EBONY: I want to know who inspired you.
DK: My dad was heavily into hip hop and deejaying was something that always went on in my household. So, I told him I wanted to deejay and he bought me turntables and I kind of got started from there. But as I started really digging deep into what deejaying was all about, like following female deejays like DJ Beverly Bond, DJ Jazzy Joyce and DJ Coco Chanelle, I fell more in love with the craft. I fell in love with what they did and I wanted to be like them when I grew up.
EBONY: One thing I’ve learned, as a 20-Something, is the importance of having a great mentor to guide you as you go after your dream. Were there any mentors along the way that helped you?

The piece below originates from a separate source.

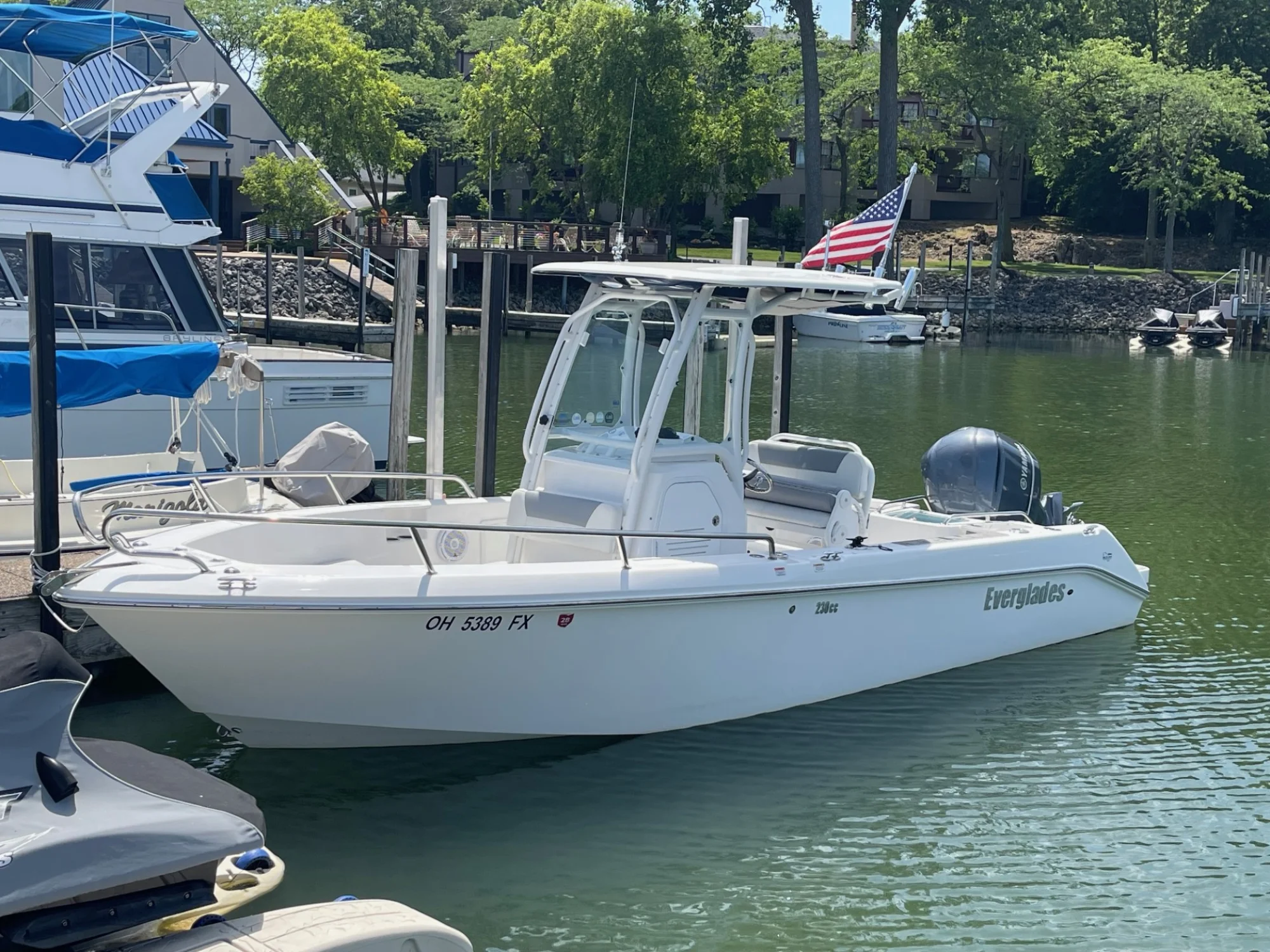 2018Everglades 230 Center Console - Image 2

DK: As I got into it, especially as I got into radio, there was one woman, and her name was Gina. She was excited to have a female deejay on the radio station on Power 99. So when she hired me, there were times when we sat down and she kind of encouraged me and kind of said to me, “Don’t let these guys walk all over you. You’re great at what you do so achieve it and just do what you love.” So if there was anybody there in the beginning, mentor-wise, it was her.
EBONY: What do you feel is the most important thing that girls should know about confidence or about acceptance of themselves?
DK: I think young girls need more role models. There’s so much that we can tell a young girl, but I think them being around someone that sets an example for them is more important.
EBONY: The Dove campaign has reached almost 11 million young girls worldwide—and the fact that you contributed to their efforts by coming on board for the Self-Esteem Weekend is powerful and inspiring.
DK: I think if people continue to do events like [that], we’ll be able to grab these young girls attention, you know? Even for the girls that don’t have role models—[who may be] checking out this interview. I’m always here to empower them through social media and local events. I feel like that is the ultimate reward: giving back to those to continue a chain of success amongst young women.